**DATASET SECTION:**

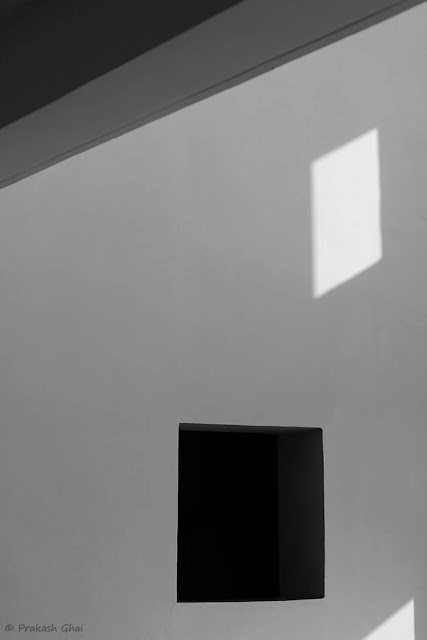 A Minimal Picture of various Simple Geometric forms such as Line, Square, Triangle and Rhombus shot at Jawahar Kala Kendra Jaipur, using Canon 600D DSLR.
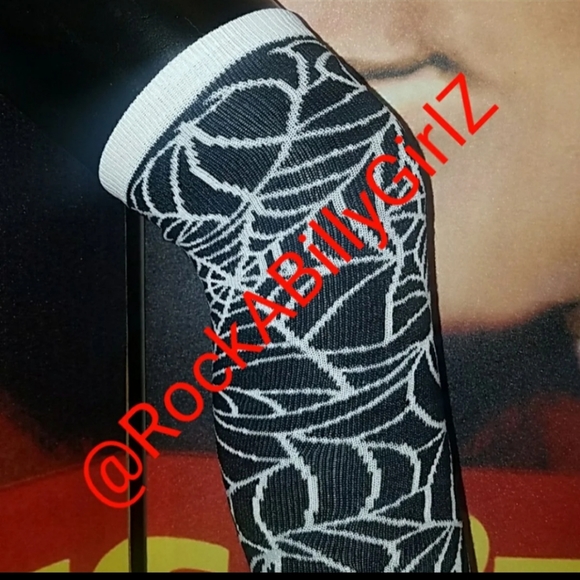 Sourpuss 18" White Spiderweb Halloween Spider Web Knee Sock Non Skid Logo Bottom - Picture 3 of 4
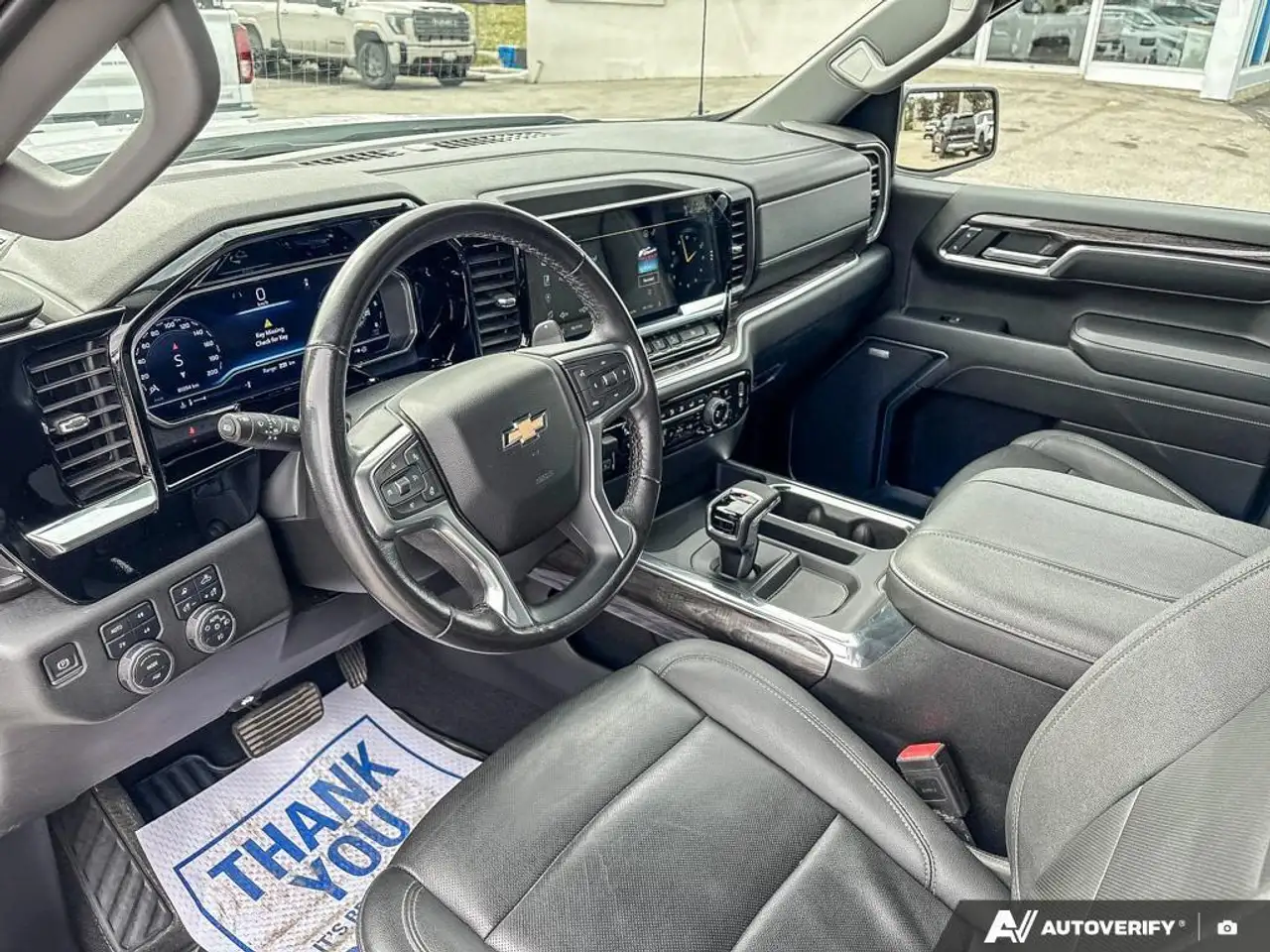 Chevrolet Silverado 1500 - Image 12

**ASSIGNMENT:**
Write out each line of the data exactly; the images should be left out.

**TASK RESULT:**
 A Minimal Picture of various Simple Geometric forms such as Line, Square, Triangle and Rhombus shot at Jawahar Kala Kendra Jaipur, using Canon 600D DSLR.
 Sourpuss 18" White Spiderweb Halloween Spider Web Knee Sock Non Skid Logo Bottom - Picture 3 of 4
 Chevrolet Silverado 1500 - Image 12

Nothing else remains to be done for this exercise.